The Bank of Namibia (BoN) acted illegally and irrationally when it decided to suspend the operations of Trustco Bank a week ago, the chief executive officer of the embattled bank’s holding company, Trustco Group Holdings, is claiming in a case filed at the Windhoek High Court this week.

With thousands of debit orders in the pipeline for collection through Trustco Bank from today to the end of August, the BoN’s decision to suspend the operations of the bank will have a profound cash flow impact on two other parts of the Trustco group, the companies Trustco Finance and Trustco Insurance, and on their clients, Trustco group chief executive officer Quinton van Rooyen says in an affidavit filed at the court.

Van Rooyen says Trustco Bank’s business is currently limited to holding funds of various companies in the Trustco group, processing debit orders for Trustco Finance and Trustco Insurance, and collecting debit orders on mortgage bonds extended to 18 clients of Trustco Bank.
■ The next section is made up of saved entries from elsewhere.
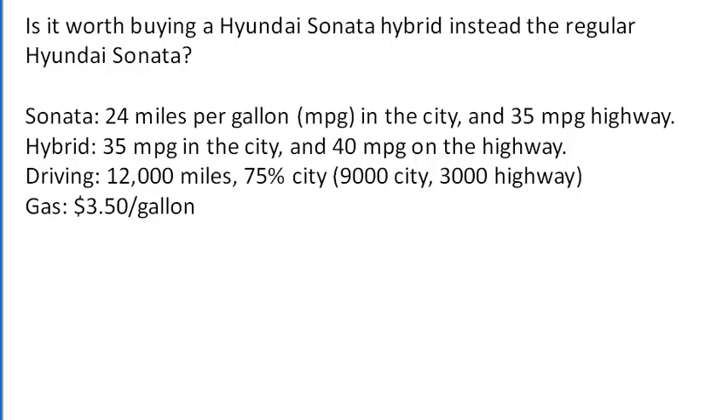Let's make some assumptions. The basic Sonata gets 25 miles per gallon in the city and 35 miles per gallon on the highway. The hybrid gets 35 miles per gallon in the city and 40 miles per gallon on the highway. Let's assume gas costs about $3.50 a gallon. A standard driver drives about 12,000 miles in a year, and let's assume about 75% is in the city and 25% on the highway.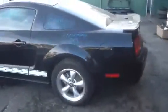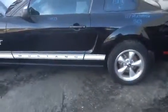Take a look over to the driver's side. Driver's side quarter panel, driver's side door — beautiful shape. Take a look at those alloy wheels one more time.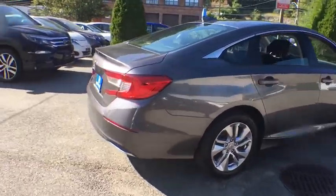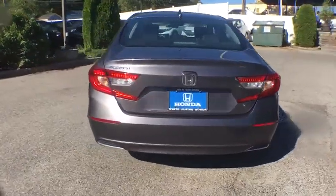This vehicle has less than 15,000 miles. Here are some of this vehicle's great options.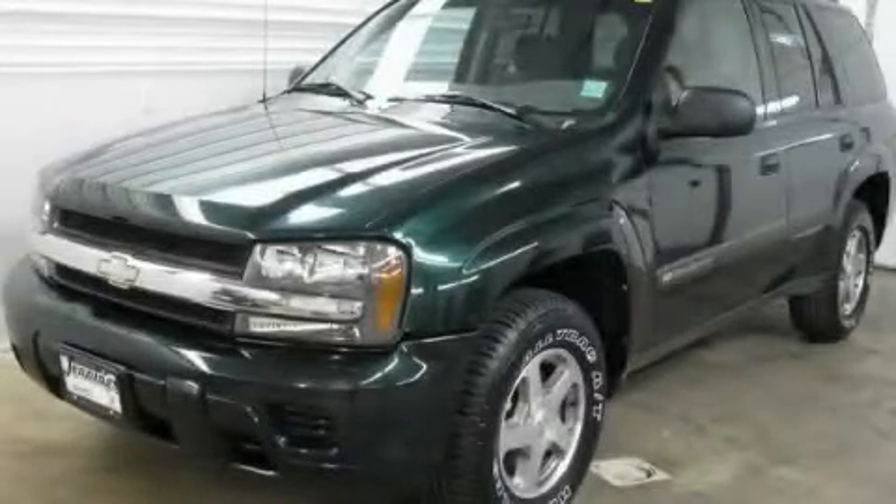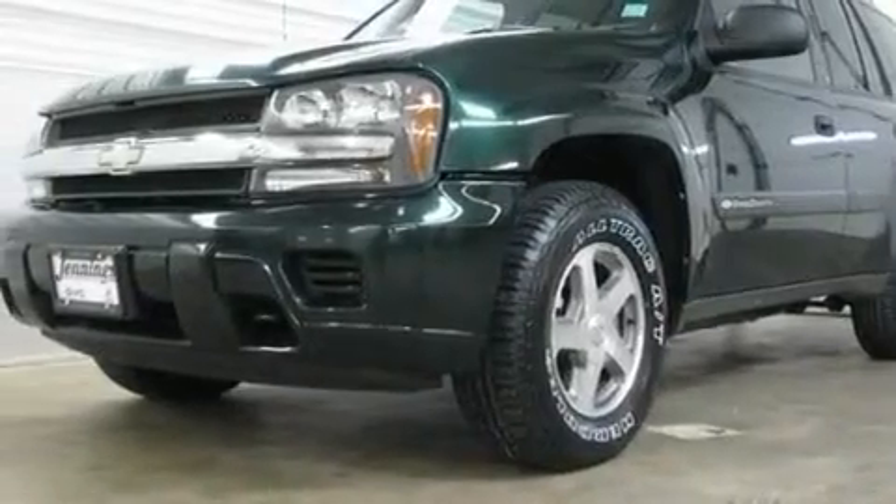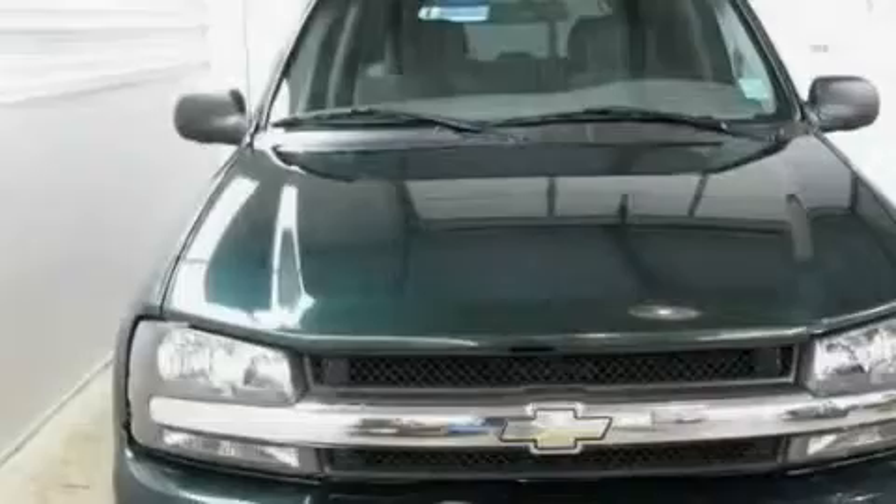This is a 2004 Chevrolet Trailblazer — a big SUV for big fun. It has a six-cylinder engine, an automatic transmission, and four-wheel drive.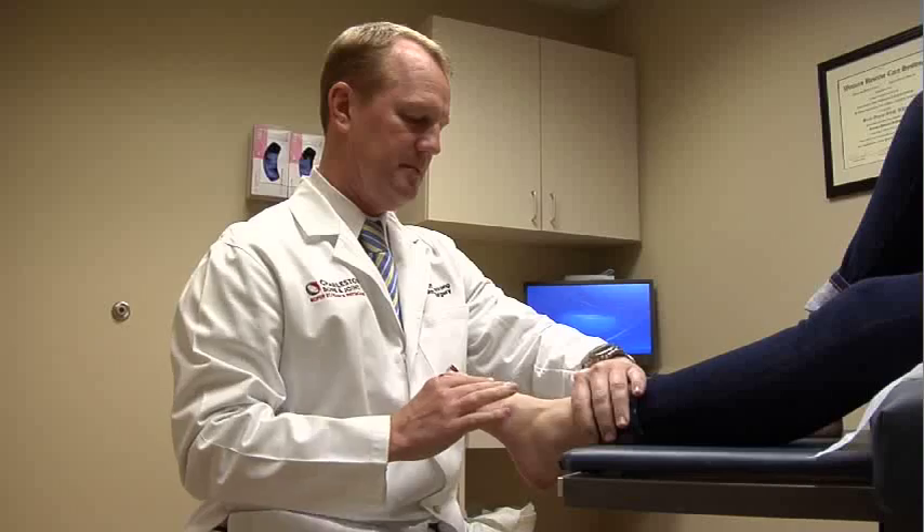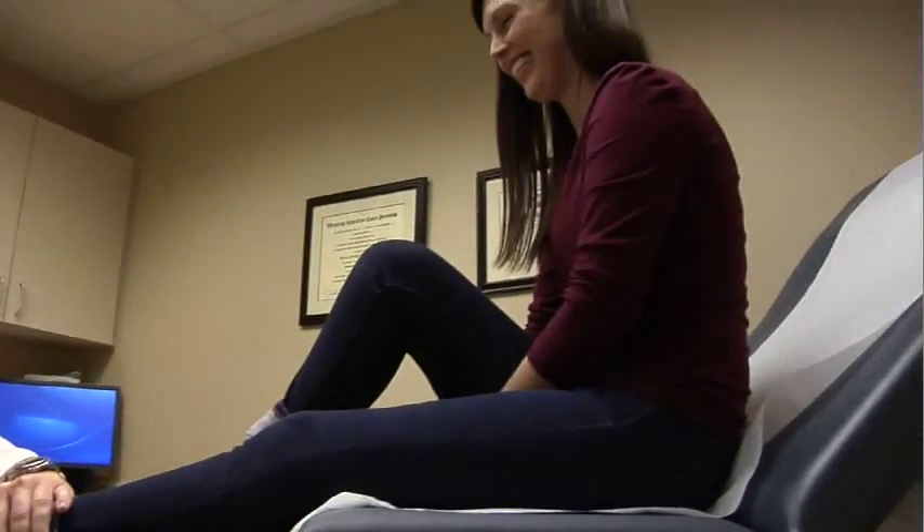To relieve this pain, try rest, anti-inflammatory medications, ice, and a change in shoe gear.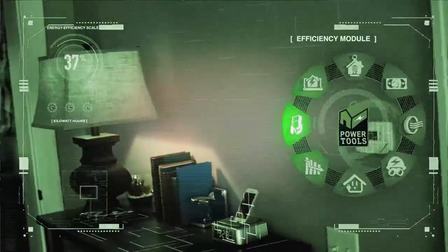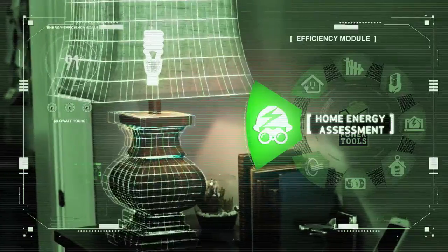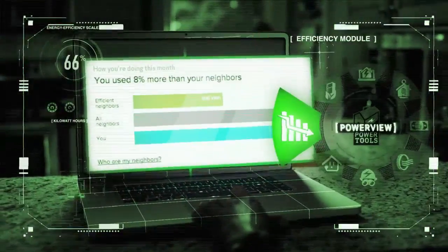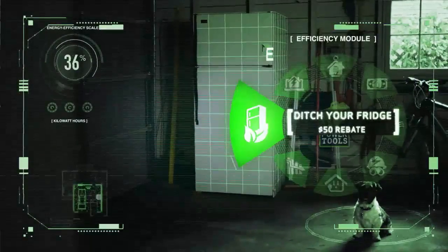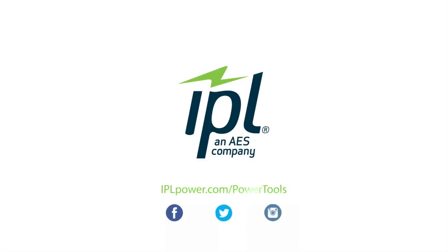See your home in a whole new way with IPL's energy efficiency programs like our Home Energy Assessment, PowerView — which gives you the ability to track your energy usage — and even a rebate for ditching your old fridge. Learn more at IPLPower.com slash PowerTools. It might just turn you into an energy-saving machine.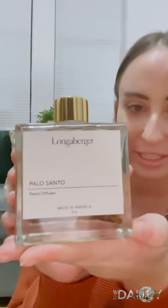Hi everyone, Elizabeth here from the Longaberger team. I wanted to share with you guys one of my favorite items to gift give this holiday season from Longaberger. It's really hard to choose just one item from all the products that we offer on the website, but one thing that I love to gift are our Longaberger oil reed diffusers.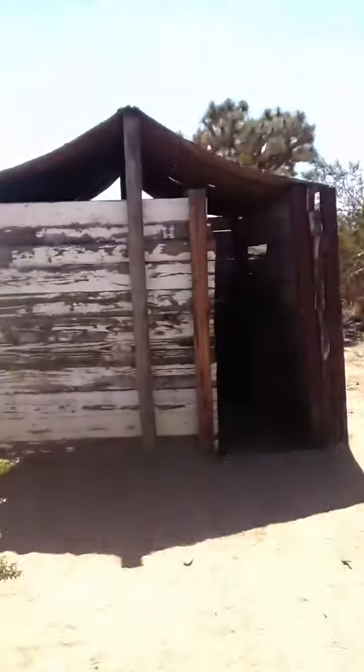Now let's go take a look at my cabin. I'll give you a look around. Traps. I'll give you the layout of the cabin.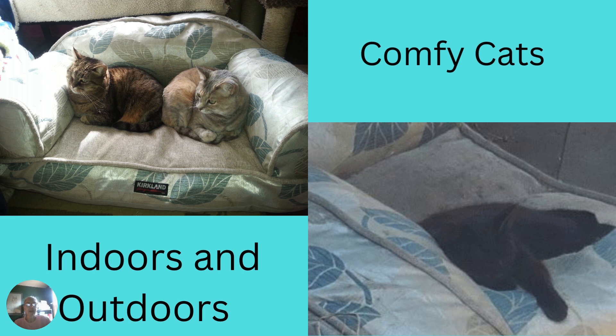Comfy cats indoors and outdoors. Whether our cats are our indoor cats or the feral colony outside, they certainly have options.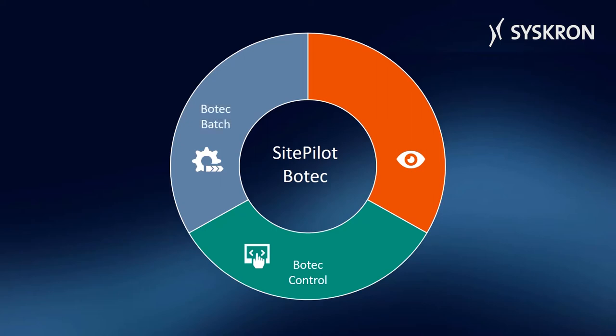Botec Batch provides modules and functions for batch-oriented production. Botec Visu is a human-machine interface, or HMI, which perfectly fits to the customer's requirements.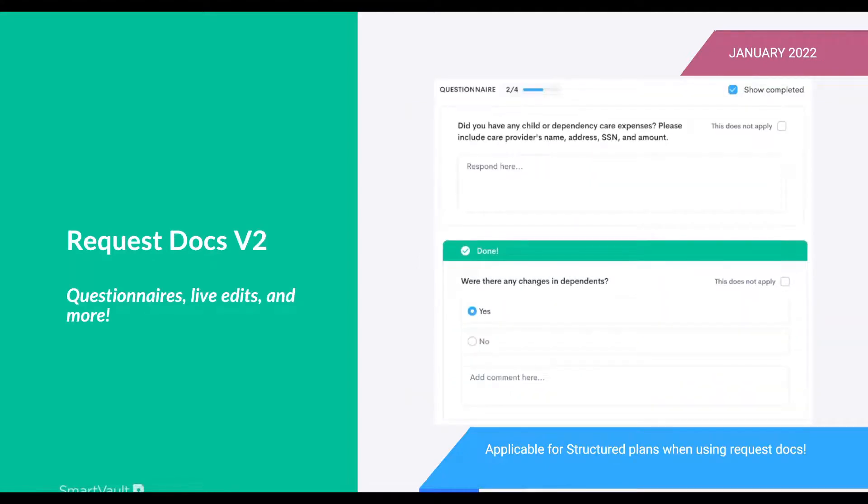Coming in the first part of the year, just in time for tax season, is RequestDocs version two. Today people have been creative using RequestDocs for questions, but we want to make it a true questionnaire. You could ask things like 'Were there any changes in dependents?' with a yes/no and comments field, or 'Did you have any child dependency care expenses?' These questionnaires allow a lot more communication and workflow. There will also be live edits so you can fix a misspelling in a request doc in real time.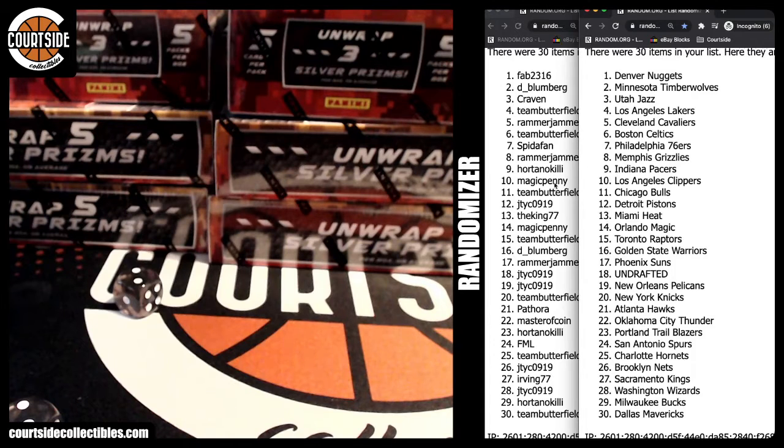Hortano Pacers, Magic Penny Clippers, team butterfield Bulls, JTYC Pistons, the King Heat, Magic Penny Magic — rigged! Team butterfield Raptors, D Bloomberg Warriors, Ramajama Suns, JTYC undrafted, JTYC Pelicans, team butterfield Knicks, Pethora Hawks, Master of Coin Thunder.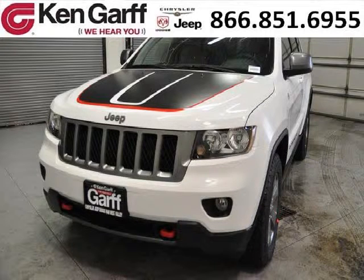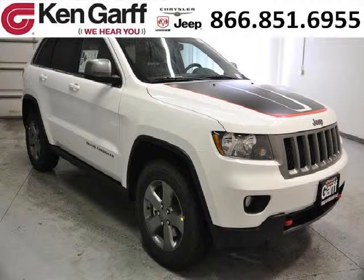Do you want to stretch your purchasing power? Well, take a look at this outstanding 2013 Jeep Grand Cherokee. This Grand Cherokee would look so much better with you behind the wheel instead of sitting on our lot.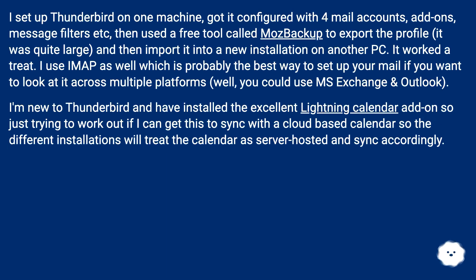I set up Thunderbird on one machine, got it configured with four mail accounts, add-ons, and message filters, then used a free tool called MozBackup to export the profile — it was quite large — and then import it into a new installation on another PC. It worked a treat. I use IMAP as well, which is probably the best way to set up your mail if you want to look at it across multiple platforms. I'm new to Thunderbird and have installed the excellent Lightning Calendar add-on, so just trying to work out if I can get this to sync with a cloud-based calendar so the different installations will treat the calendar as server-hosted and sync accordingly.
This is after the BoN directed Trustco Bank in July last year to stop taking deposits and extending credit to clients of the bank.

Van Rooyen also informs the court in his affidavit that the debit orders processed by Trustco Bank pertain to premiums for life and legal insurance payable by about 27 840 Trustco clients, and monthly micro-loan payments of about 2 650 members of the public.

The central bank’s decision to suspend the operations of Trustco Bank on Friday last week (18 August) “significantly prejudices thousands of members of the public who hold insurance policies”, Van Rooyen says.

He adds that the suspension of the bank’s operations would also preclude Trustco Group Holdings from concluding a transaction through which Trustco Bank stands to gain access to a finance facility of N$1,25 billion that would enable it to extend credit to the public again, once it is allowed to do so.

“Should Trustco Bank’s business be suspended entirely, the transaction that seeks to secure [the bank’s] future will fail and members of the Namibian public will have their insurance summarily terminated,” he says as well.

Van Rooyen’s affidavit sets out the grounds on which Trustco Bank and Trustco Group Holdings want the High Court to issue an interdict stopping the implementation of the Bank of Namibia’s decision to suspend Trustco Bank’s operations.

Judge Boas Usiku postponed the hearing of the application filed by Trustco Bank and Trustco Group Holdings to Thursday next week at the end of an appearance by lawyers involved in the case before him yesterday.

The BoN has given notice that it is opposing the application.

While accusing the BoN of “illegal and irrational conduct”, Van Rooyen is also claiming in his affidavit that the central bank is trying to cause Trustco Bank and Trustco Group holdings “as much harm and prejudice as possible” and of trying to avoid having to go to court with an application for the winding-up of Trustco Bank and a review application that Trustco Bank filed against the BoN in September last year.

In its application to have Trustco Bank wound up, which was filed at the High Court in November last year, the BoN is alleging that Trustco Bank is insolvent, with its liabilities exceeding its assets, and that the bank is also unable to pay its debts.

In his affidavit filed on Monday, Van Rooyen maintains that Trustco Bank is solvent and that has complied with directives that the central bank has issued to it.